Objective To analyze the perioperative outcome of consecutive 1 000 patients undergoing robotic lung resection and summarize surgical experience. Methods We retrospectively reviewed the clinical data of 1 000 patients undergoing robotic lung resection between May 2009 and June 2018 in Shanghai Lung Tumor Clinical Medical Center. Robotic lobectomy was compared with traditional VATS over the same period using a propensity-matched analysis. There were 327 males and 673 females at average age of 56.21±11.33 years. Lobectomy was performed in 866 patients (11 bilobectomy included), sublobar resection was performed in 129 patients, sleeve lobectomy was performed in the remaining 5 patients. Pathology was as follows: adenocarcinoma in 875 patients, squamous carcinoma in 52 patients, benign tumors in 73 patients. 90.5% of the primary lung cancer were in stage Ⅰ. Results The mean operative time was 90.31±19.70 min; 95.70% of patients’ estimated blood loss was less than 100 ml. Conversion rate to thoracotomy was 0.90% (9 patients) . The average lymph node station and count harvested was 5.59±1.36 and 9.60±3.21 respectively. The mean volume of chest tube drainage on the first postoperative day was 229.19±131.67 ml. Median chest tube time was 3.85±1.43 d. There was 1 in-hospital death due to pulmonary embolism.
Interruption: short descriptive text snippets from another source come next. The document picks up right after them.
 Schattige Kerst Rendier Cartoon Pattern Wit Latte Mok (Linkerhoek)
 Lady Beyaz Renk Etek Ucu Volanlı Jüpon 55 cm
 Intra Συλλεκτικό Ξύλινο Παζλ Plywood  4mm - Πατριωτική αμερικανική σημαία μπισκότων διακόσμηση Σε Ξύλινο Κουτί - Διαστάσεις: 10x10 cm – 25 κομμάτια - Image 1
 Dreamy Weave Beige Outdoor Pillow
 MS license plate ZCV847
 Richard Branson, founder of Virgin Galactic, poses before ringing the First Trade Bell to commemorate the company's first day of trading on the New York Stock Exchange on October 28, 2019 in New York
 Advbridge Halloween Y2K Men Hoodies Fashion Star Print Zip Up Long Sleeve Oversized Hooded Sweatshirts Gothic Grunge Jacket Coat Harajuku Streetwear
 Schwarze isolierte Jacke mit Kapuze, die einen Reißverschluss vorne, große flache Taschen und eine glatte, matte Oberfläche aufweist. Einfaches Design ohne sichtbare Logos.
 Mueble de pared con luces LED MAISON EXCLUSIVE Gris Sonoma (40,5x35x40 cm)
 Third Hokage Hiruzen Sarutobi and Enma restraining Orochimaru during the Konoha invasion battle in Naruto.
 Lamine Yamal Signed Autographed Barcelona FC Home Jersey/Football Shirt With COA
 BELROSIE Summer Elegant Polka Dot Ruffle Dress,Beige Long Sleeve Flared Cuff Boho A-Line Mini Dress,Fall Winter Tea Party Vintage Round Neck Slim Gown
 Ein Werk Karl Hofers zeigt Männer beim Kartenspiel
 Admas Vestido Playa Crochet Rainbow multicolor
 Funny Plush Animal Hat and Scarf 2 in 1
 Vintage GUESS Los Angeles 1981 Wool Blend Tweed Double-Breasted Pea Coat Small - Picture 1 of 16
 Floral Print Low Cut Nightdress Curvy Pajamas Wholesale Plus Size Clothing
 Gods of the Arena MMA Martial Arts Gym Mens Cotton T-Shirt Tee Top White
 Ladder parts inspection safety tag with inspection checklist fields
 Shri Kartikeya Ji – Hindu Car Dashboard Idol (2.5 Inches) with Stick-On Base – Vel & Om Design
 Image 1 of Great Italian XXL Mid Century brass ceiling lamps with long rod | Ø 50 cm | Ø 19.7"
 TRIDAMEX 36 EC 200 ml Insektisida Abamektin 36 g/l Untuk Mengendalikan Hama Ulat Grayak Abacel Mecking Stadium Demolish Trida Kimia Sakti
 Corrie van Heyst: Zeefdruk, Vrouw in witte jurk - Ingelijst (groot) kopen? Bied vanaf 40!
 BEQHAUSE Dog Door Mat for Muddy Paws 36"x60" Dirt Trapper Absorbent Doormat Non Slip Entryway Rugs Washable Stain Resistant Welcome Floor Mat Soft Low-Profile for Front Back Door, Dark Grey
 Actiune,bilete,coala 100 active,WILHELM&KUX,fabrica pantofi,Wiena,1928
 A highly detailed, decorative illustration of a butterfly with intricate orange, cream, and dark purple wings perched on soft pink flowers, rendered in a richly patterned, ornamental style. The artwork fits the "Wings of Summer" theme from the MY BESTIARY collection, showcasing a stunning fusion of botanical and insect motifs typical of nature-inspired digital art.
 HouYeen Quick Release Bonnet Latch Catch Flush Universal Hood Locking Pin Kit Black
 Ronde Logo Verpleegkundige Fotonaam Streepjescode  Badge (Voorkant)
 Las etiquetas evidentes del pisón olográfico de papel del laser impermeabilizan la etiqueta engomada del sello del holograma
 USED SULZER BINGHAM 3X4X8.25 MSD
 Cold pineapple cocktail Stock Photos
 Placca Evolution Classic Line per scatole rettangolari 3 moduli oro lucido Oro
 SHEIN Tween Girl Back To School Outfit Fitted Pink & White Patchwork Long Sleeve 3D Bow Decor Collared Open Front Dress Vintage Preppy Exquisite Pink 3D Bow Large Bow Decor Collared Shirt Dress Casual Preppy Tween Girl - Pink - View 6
A total of 189 patients had postoperative complications (18.90%) whose majority was postoperative air leak more than 5 days. The mean overall hospital costs was 92 710.53±12 367.23 Yuan. Compared with VATS, RATS was associated with significant reduction in intraoperative blood loss, time to chest tube removal and postoperative hospital stay. The operative time, conversion rate, lymph nodes removed, morbidity and mortality were similar between the two groups. Conclusion Robotic-assisted lung resection is safe and effective with low conversion rate and less complications, and it can overcome many disadvantages of traditional VATS.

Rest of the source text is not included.